This recipe is all about the veggies: fresh, colorful and healthy veggies. This Ultimate Chopped Salad paired with a very easy, anyone can make, Garlic Vinaigrette. With an abundance of summer fresh veggies in this recipe, it’s the perfect summer salad! However, feel free to switch it up for your favorite fall or winter veggies throughout the year.

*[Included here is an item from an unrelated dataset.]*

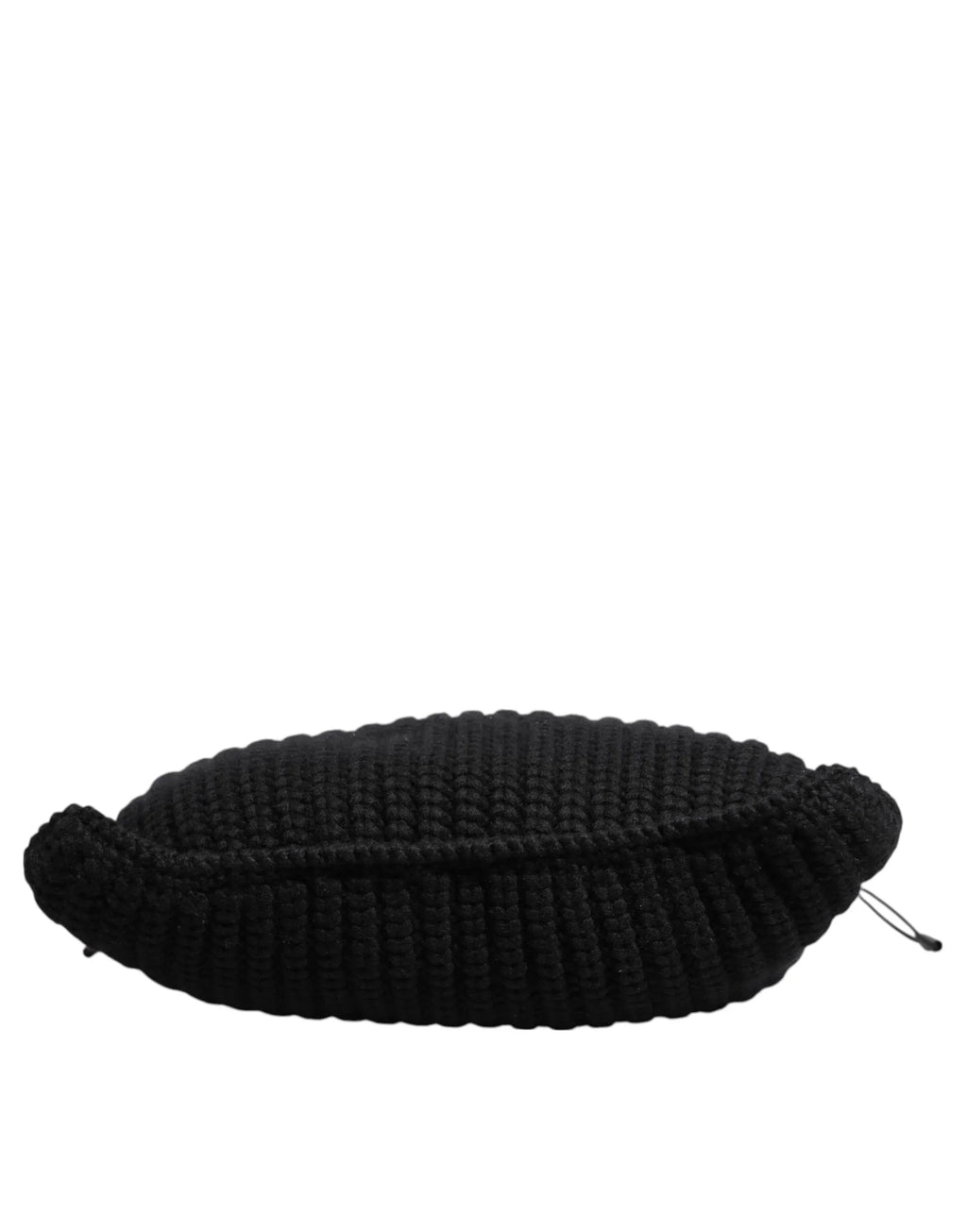 Dolce & Gabbana Black Cashmere Knitted Leather Shoulder Women Borse Bag - Zeiniez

Also, any extra chopped veggies can be used for meal prep during the week in a Vegetable Soup or colorful Veggie Pasta.
Ultimate Rainbow Chopped Salad with Homemade Garlic Vinaigrette
Ingredients
Ultimate Rainbow Chopped Salad
- 1 Red Bell Pepper diced
- 1 English Cucumber diced
- 1 red cabbage diced
- 1 red onion diced
- 1 avocado diced
- 1 Can of Artichoke Hearts diced
- Radishes diced
- Snap peas diced
- Tomatoes diced
- Pepperoncinis diced
- Black Olives diced
- Mozzarella balls halved
- Chickpeas
- Shredded carrots
Homemade Garlic Vinaigrette
- 3 cloves of Garlic
- Olive Oil to taste
- Apple Cider Vinegar to taste
- Crushed Red Pepper to taste
- Ground Black Pepper to taste
- Sea salt to taste
- Italian Seasoning to taste
Instructions
- Start off by dicing the following veggies: Red Bell Pepper, Cucumber, Red Cabbage, Red Onion, Avocado, Radishes, Tomatoes, Artichoke Hearts, Pepperoncinis, Black Olives.
- Before dicing the Snap Peas, make sure to cut the edges off.
- Plate your chopped veggies and combine.
- For the Garlic Vinaigrette: begin by flattening the Garlic with your knife & chop finely.
- In a medium sized bowl add the Olive Oil. Then, add the Apple Cider Vinegar.
- Add the following seasonings: Crushed Red Pepper, Ground Black Pepper, Sea Salt, & Italian seasoning.
- Whisk until the oil & vinegar are combined fully.
- Top your salad with the vinaigrette and enjoy!